Une plume vive, parfois théorique
Sur le plan littéraire, « Libérée par le Pardon » captive par sa franchise. La plume de Charlène, directe et presque conversationnelle, transporte le lecteur dans son intimité. Les passages où elle évoque son deuil ou sa lutte intérieure, comme lorsqu’elle confesse « la rancune nous fait plus mal à nous qu’à celui qui nous a blessés » (p. 100), sont d’une intensité rare, créant une connexion immédiate avec son expérience.
Pourtant, certaines sections théoriques sur le traumatisme, bien qu’instructives, alourdissent le rythme, semblant didactiques. Ces moments, loin d’être vains, reflètent son effort pour comprendre son trauma et offrir des clés aux lecteurs, transformant son récit en guide.
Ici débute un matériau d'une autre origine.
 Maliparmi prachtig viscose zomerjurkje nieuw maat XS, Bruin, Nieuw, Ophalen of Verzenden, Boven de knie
Malgré ce léger bémol, le livre reste un témoignage puissant et captivant, porté par une générosité sincère.
Une spiritualité qui éclaire sans exclure
La foi chrétienne constitue indéniablement le pilier du parcours de Charlène. Les prières de sa mère, son lien avec Jésus-Christ, et des instants comme sa prière « Notre Père » adaptée à sa peine — « Pardonne-nous nos offenses, et aide-moi à pardonner celui qui a tué mon papa… car je n’y arrive pas seule » (p. 128) — sont des phares dans sa tempête et des piliers de sa guérison. Charlène ne prêche pas ; elle partage un refuge. Cette spiritualité, bien que centrale, s’ouvre à tous. Lorsqu’elle définit le pardon comme « un cadeau que l’on se fait à soi-même » (p. 82), elle touche une vérité humaine : refuser la prison de la haine transcende les croyances. Elle invite, sans imposer, à méditer sur la liberté intérieure, respectant chaque sensibilité.
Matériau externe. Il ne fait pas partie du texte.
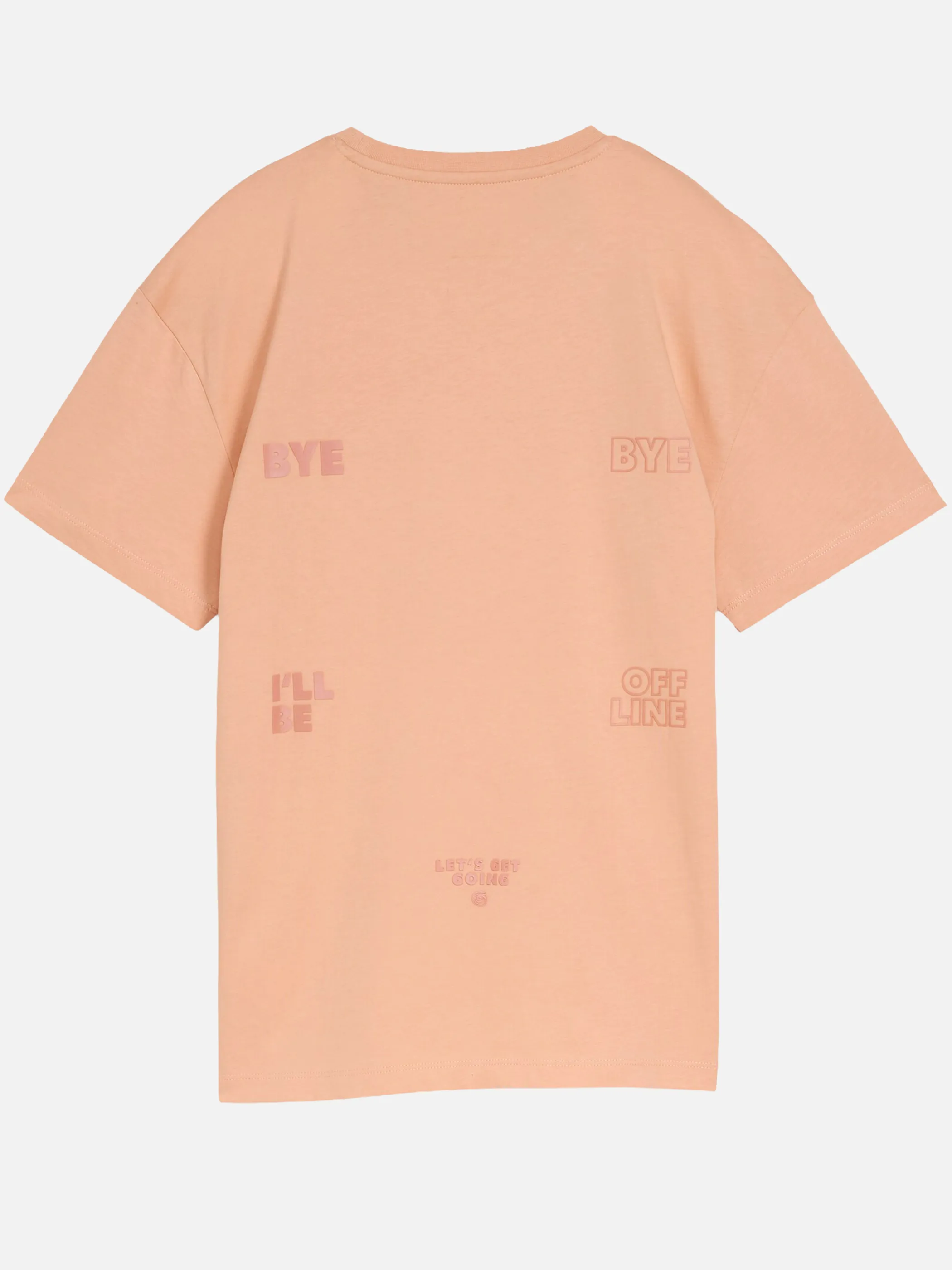 Tom Tailor 1049767 oversize printed t-shirt Orange 928046 39449 2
Témoigner pour guérir un pays blessé
Au-delà de son histoire personnelle, « Libérée par le Pardon » est un appel à briser le silence. Dans un Burundi où les blessures de la guerre civile restent tues, Charlène montre que la parole désamorce les cycles de haine, confessant : « Souvent, les coupables ne sont pas jugés. Je le sais, c’est mon cas. […] Mais, tant que je gardais cette haine, j’étais prisonnière » (p. 152). Tout en valorisant le pardon comme choix personnel, elle n’élude pas l’exigence de justice : « Pardonner ne veut pas dire accepter l’injustice et l’impunité » (p. 80). Son témoignage devient un appel vibrant aux Burundais — survivants, orphelins, exilés — à écrire, parler, nommer leurs douleurs. La lettre finale à son père en conclusion, où elle lui promet de vivre en paix, résonne comme un manifeste : « La liberté, c’est la plus belle façon d’honorer ceux qui ne sont plus là » (p. 118), affirme-t-elle avec une sagesse née de l'épreuve. Ce livre prouve que témoigner libère, individuellement et collectivement.
Une lumière à partager
« Libérée par le Pardon » est bien plus qu'un simple récit autobiographique. Il est un livre rare, non parce qu’il pardonne l’impardonnable, mais parce qu’il transforme la douleur en espoir. Sans prétendre offrir des solutions définitives à ces questions complexes, Charlène Irakoze donne voix aux silences du Burundi, offrant un chemin où pardonner n’est pas excuser, mais se libérer. Disponible sur le site de l’éditeur (argenlivre.com), sur Amazon, ou en contactant l’auteure (coordonnées en quatrième de couverture) pour une livraison en Europe, ce témoignage mérite d’être lu et largement partagé, tant pour sa valeur littéraire que pour sa contribution essentielle au travail de mémoire et de réconciliation.
À tous, il lance un défi : osez nommer vos blessures, osez écrire, osez chercher la paix. Comme Charlène l’affirme, apaisée : « Pardonner, c’est leur offrir une place dans un cœur libéré » (p. 117).